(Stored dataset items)
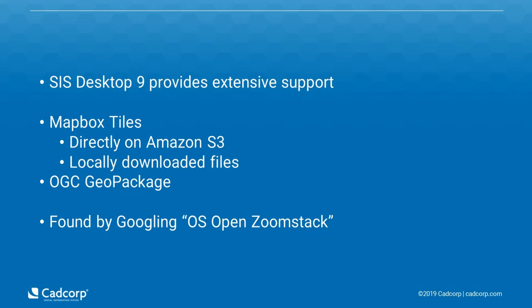SysDesktop9 has extensive support for the Ordnance Survey OpenZoomstack trial data, with multiple ways to add it. We support MapBox tiles either stored directly on Amazon or as a locally downloaded file, or we can load in an OGC geopackage single file.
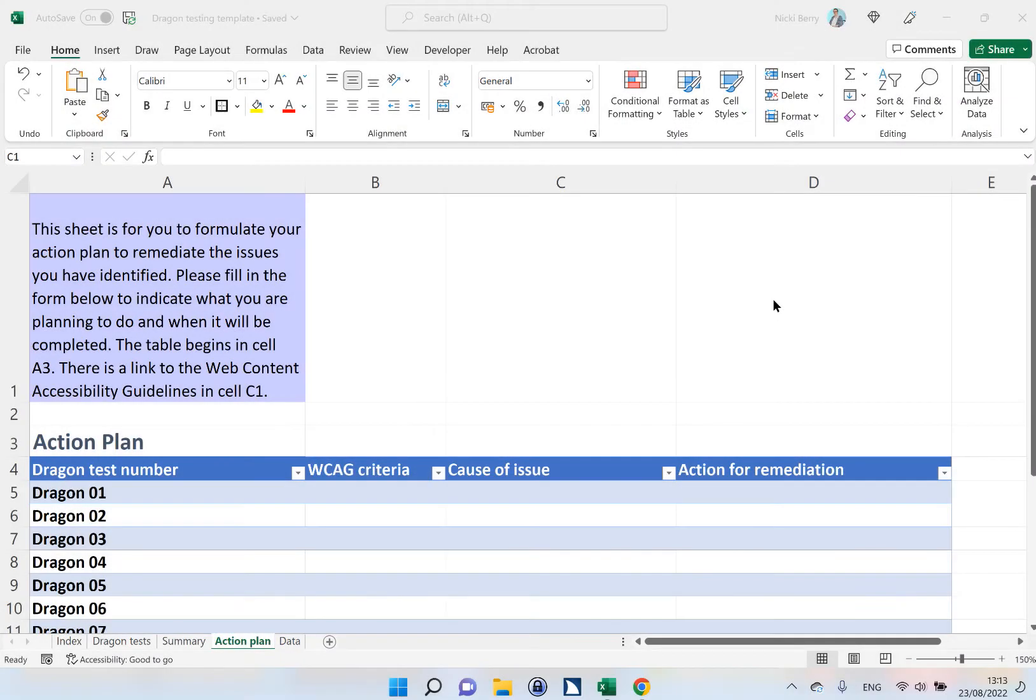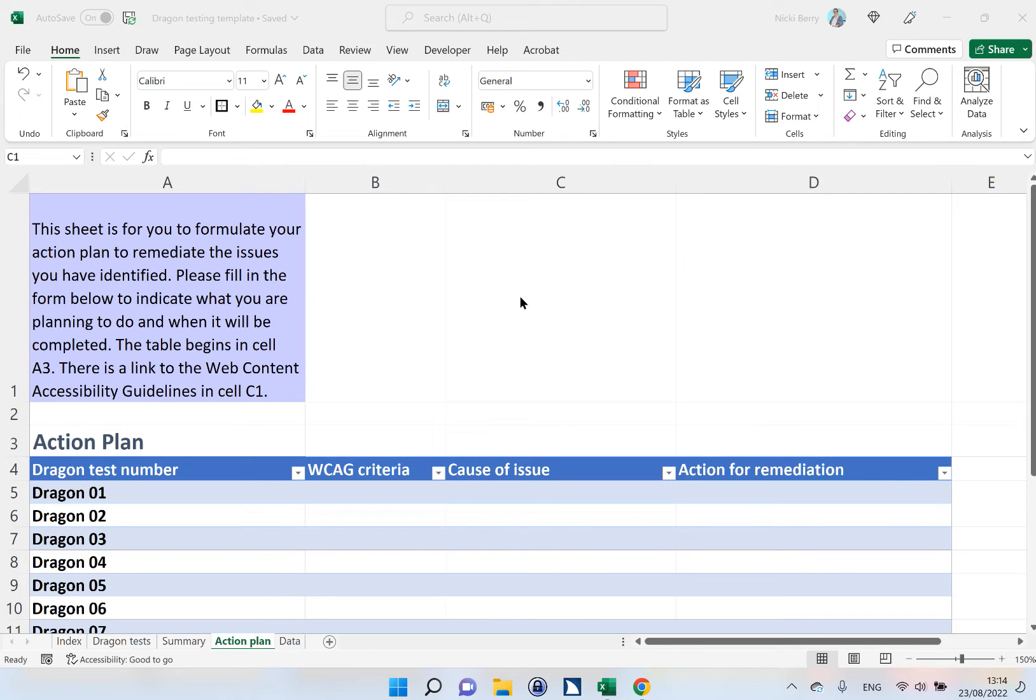This video will show you how to create an external link in a spreadsheet. On my action plan page, it references the WCAG criteria, that's the Web Content Accessibility Guidelines. Because people may not be familiar with them, I want to put in a link to the guidelines on the internet.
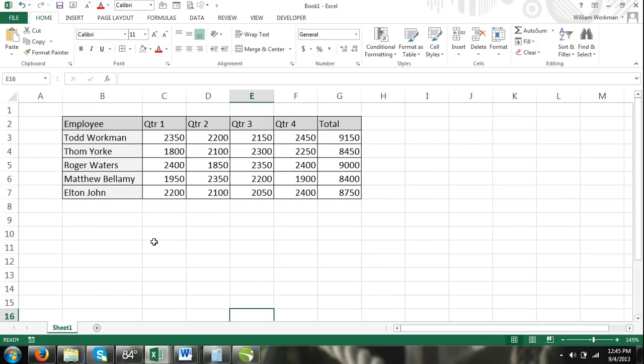Many Excel users like to display the content within their column headers at an angle or diagonally across the cell. This gives the worksheet a more professional and visually stimulating appearance. To format your text diagonally at a 45-degree angle, simply follow these steps.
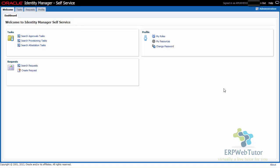Hello and welcome to erpwebtutor.com. In this tutorial, we are going to show you how to create a user account in Oracle Fusion. Unlike EBS, in Oracle Fusion we have a different architecture. The way you create users and manage roles and responsibilities is actually done in the Oracle Identity Manager or the Oracle Identity Management System.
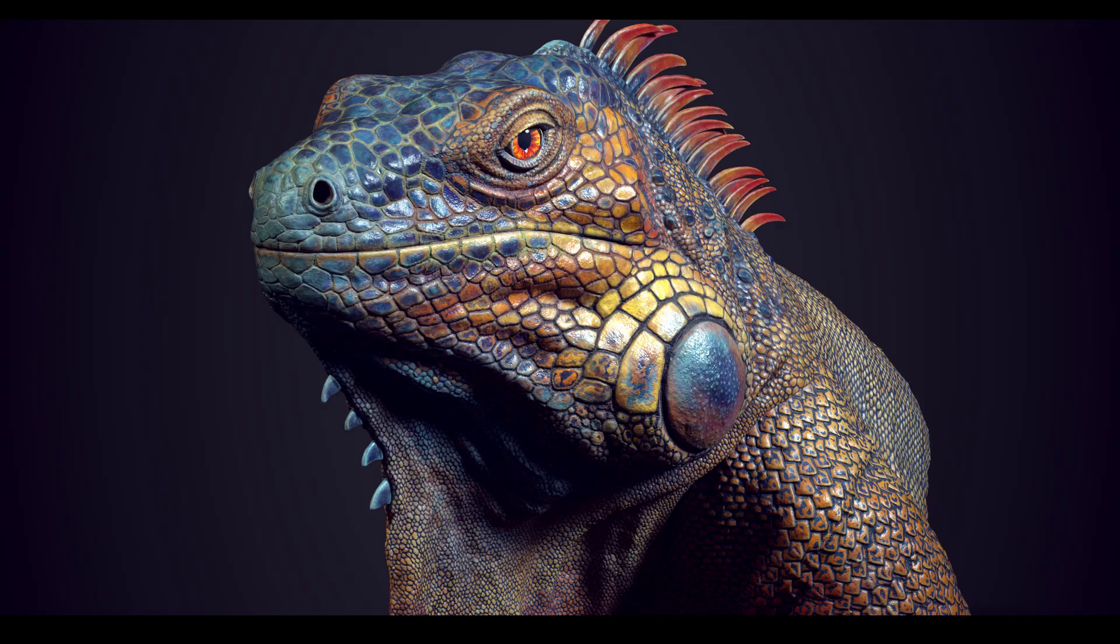Hello everyone, welcome back to my channel. It's been a little while since I had any new content. I'm very happy to show you my modeling process of this iguana in this video.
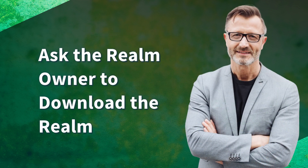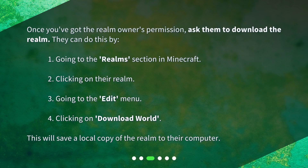Once you've got the Realm owner's permission, ask them to download the Realm. They can do this by: 1. Going to the Realms section in Minecraft. 2. Clicking on their Realm. 3. Going to the Edit menu. 4. Clicking on Download World. This will save a local copy of the Realm to their computer.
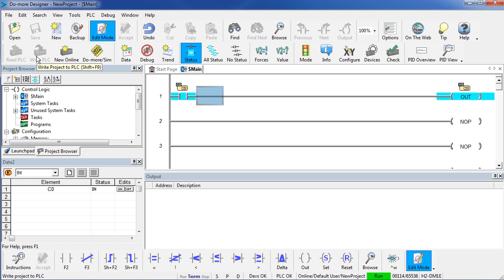If you don't have a hardware PLC laying around, check out the video on the Do More Simulator. It simulates a fully functional PLC so you can test your program without having the hardware on your desk.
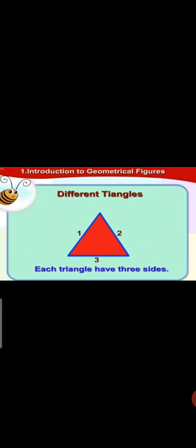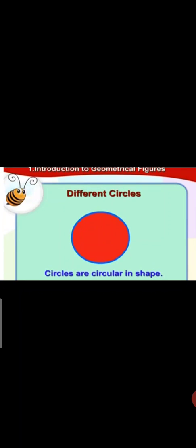Different triangles have three sides. Circles are in circular shape.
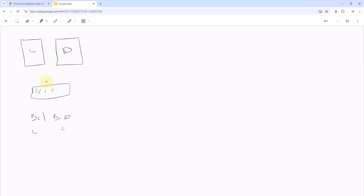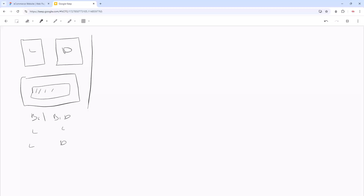That is not much of a problem on its own, but consider when you have almost 15,000 lines of code across many pages. You need to set the light and dark mode on all of them. If you've got 15 pages, the background of every page requires you to type the light background and the dark background, over and over again.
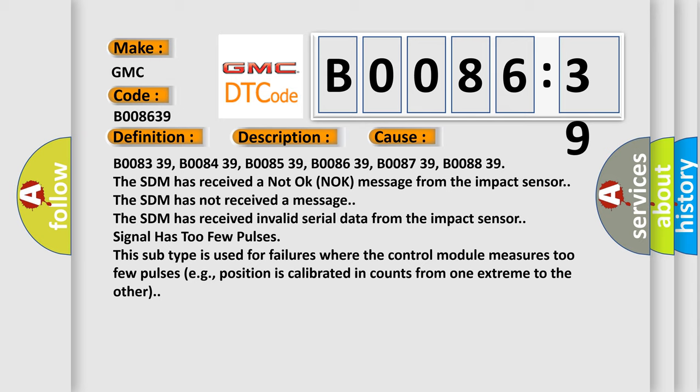B008339, B008439, B008539, B008639, B008739, B008839. The SDM has received a not okay knock message from the impact sensor. The SDM has not received a message. The SDM has received invalid serial data from the impact sensor. The SDM has too few pulses. This subtype is used for failures where the control module measures too few pulses, e.g., position is calibrated in counts from one extreme to the other.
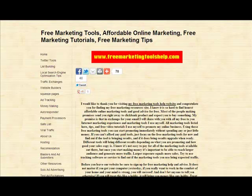Hi, this is John Pagarski, FreeMarketingToolsHelp.com. In this short video, I'll show you how to create a banner for free.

* **Assigned task**
Retype the entries word for word. Omit any images.

* **Response**
SysDesktop9 has extensive support for the Ordnance Survey OpenZoomstack trial data, with multiple ways to add it. We support MapBox tiles either stored directly on Amazon or as a locally downloaded file, or we can load in an OGC geopackage single file.
This video will show you how to create an external link in a spreadsheet. On my action plan page, it references the WCAG criteria, that's the Web Content Accessibility Guidelines. Because people may not be familiar with them, I want to put in a link to the guidelines on the internet.
Many Excel users like to display the content within their column headers at an angle or diagonally across the cell. This gives the worksheet a more professional and visually stimulating appearance. To format your text diagonally at a 45-degree angle, simply follow these steps.
Hello and welcome to erpwebtutor.com. In this tutorial, we are going to show you how to create a user account in Oracle Fusion. Unlike EBS, in Oracle Fusion we have a different architecture. The way you create users and manage roles and responsibilities is actually done in the Oracle Identity Manager or the Oracle Identity Management System.
Hello everyone, welcome back to my channel. It's been a little while since I had any new content. I'm very happy to show you my modeling process of this iguana in this video.
Once you've got the Realm owner's permission, ask them to download the Realm. They can do this by: 1. Going to the Realms section in Minecraft. 2. Clicking on their Realm. 3. Going to the Edit menu. 4. Clicking on Download World. This will save a local copy of the Realm to their computer.
If you don't have a hardware PLC laying around, check out the video on the Do More Simulator. It simulates a fully functional PLC so you can test your program without having the hardware on your desk.
Different triangles have three sides. Circles are in circular shape.
That is not much of a problem on its own, but consider when you have almost 15,000 lines of code across many pages. You need to set the light and dark mode on all of them. If you've got 15 pages, the background of every page requires you to type the light background and the dark background, over and over again.
B008339, B008439, B008539, B008639, B008739, B008839. The SDM has received a not okay knock message from the impact sensor. The SDM has not received a message. The SDM has received invalid serial data from the impact sensor. The SDM has too few pulses. This subtype is used for failures where the control module measures too few pulses, e.g., position is calibrated in counts from one extreme to the other.
Hi, this is John Pagarski, FreeMarketingToolsHelp.com. In this short video, I'll show you how to create a banner for free.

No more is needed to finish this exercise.